Captioned web image data
++++++++++++++++++++

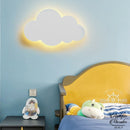 Applique murale forme nuage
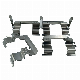  Good Quality Car Brake Pad Kits Brake Hardware Clips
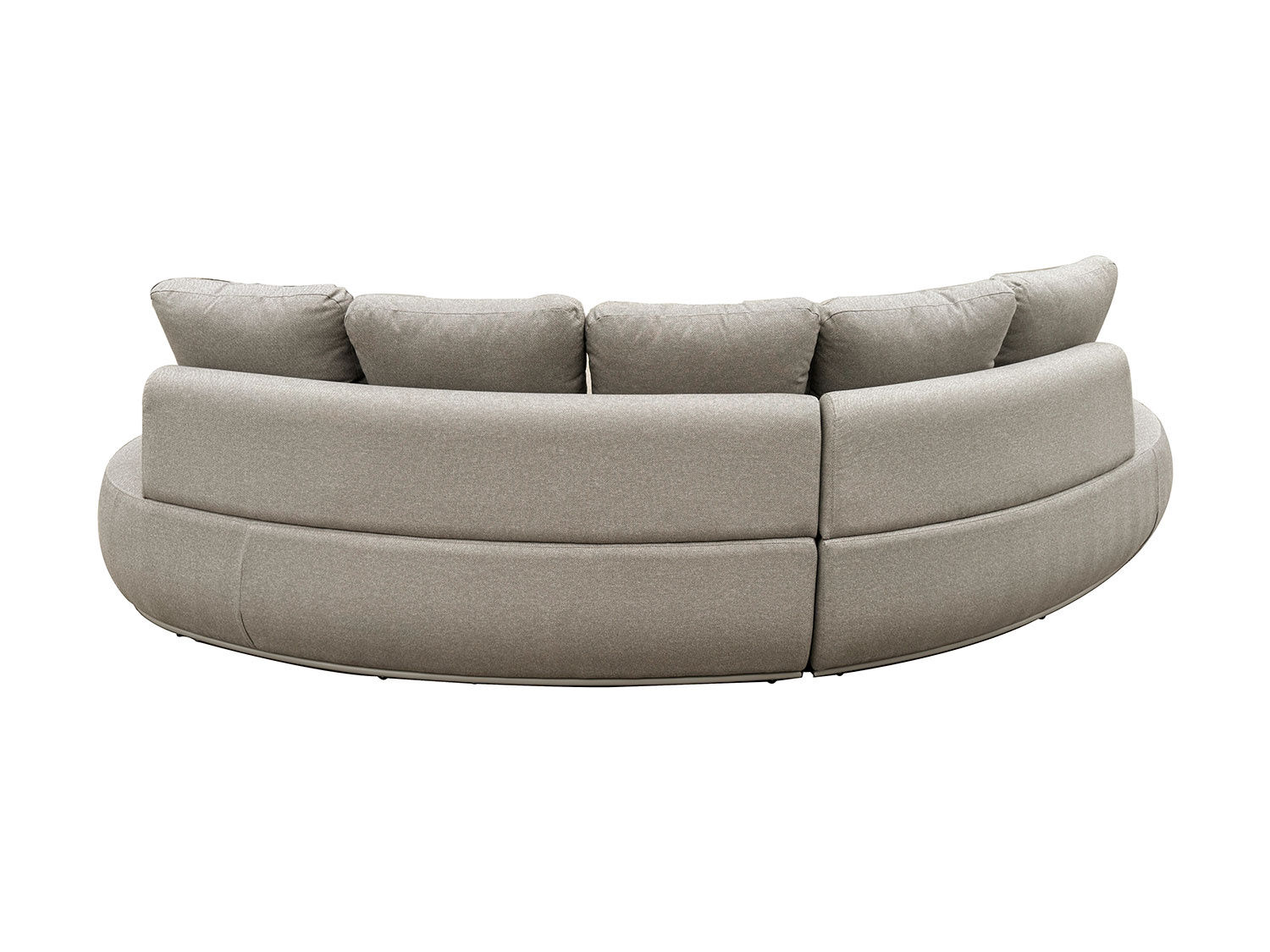 Gartenlounge 4-teilig aus Quick-Dry Spezialpolster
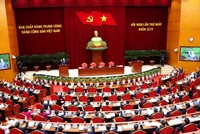 Thời khắc lịch sử đưa đất nước bước vào kỷ nguyên phát triển mới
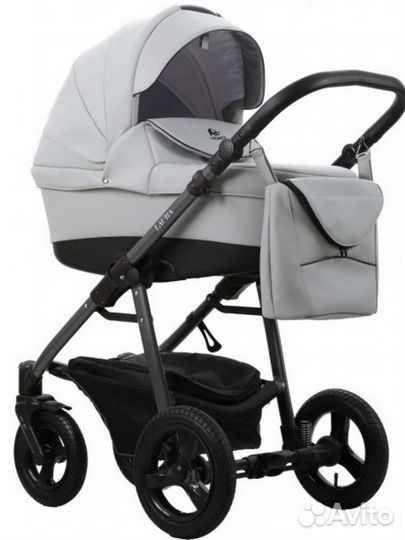Коляска 2 в 1 бу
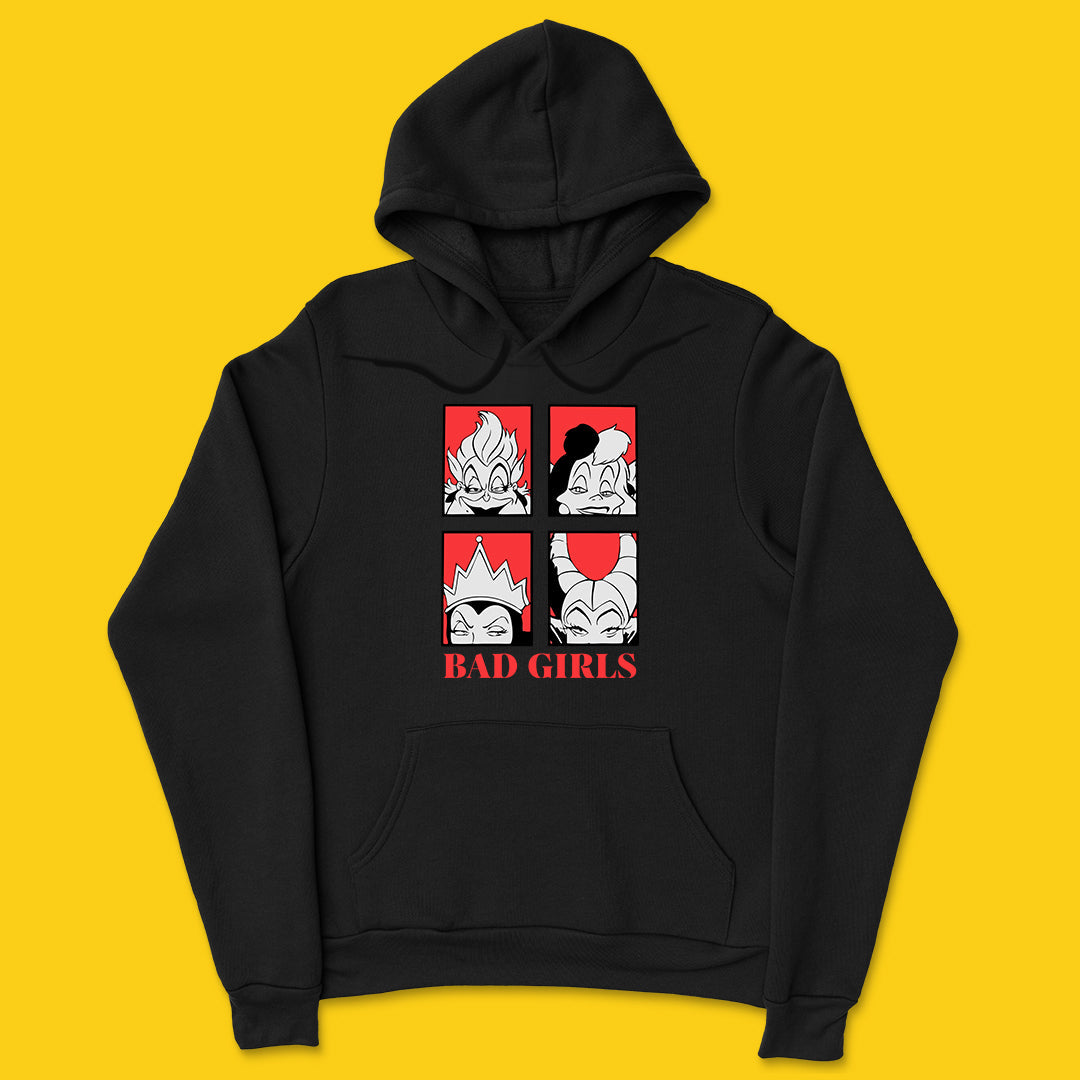 Brandzvibe Bad girls Hoodie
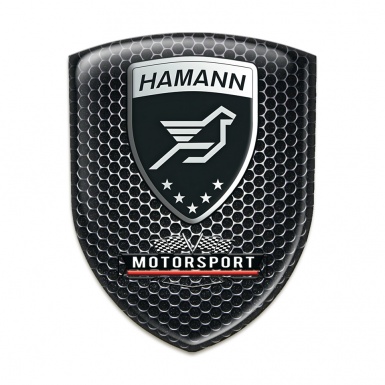 Hamann Silicone Shield Perforated Steel Edition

++++++++++++++++++++

§ EXERCISE DESCRIPTION: From the first line to the last, repeat the records above exactly, leaving out the pictures.

§ ANSWER:
 Applique murale forme nuage
  Good Quality Car Brake Pad Kits Brake Hardware Clips
 Gartenlounge 4-teilig aus Quick-Dry Spezialpolster
 Thời khắc lịch sử đưa đất nước bước vào kỷ nguyên phát triển mới
Коляска 2 в 1 бу
 Brandzvibe Bad girls Hoodie
 Hamann Silicone Shield Perforated Steel Edition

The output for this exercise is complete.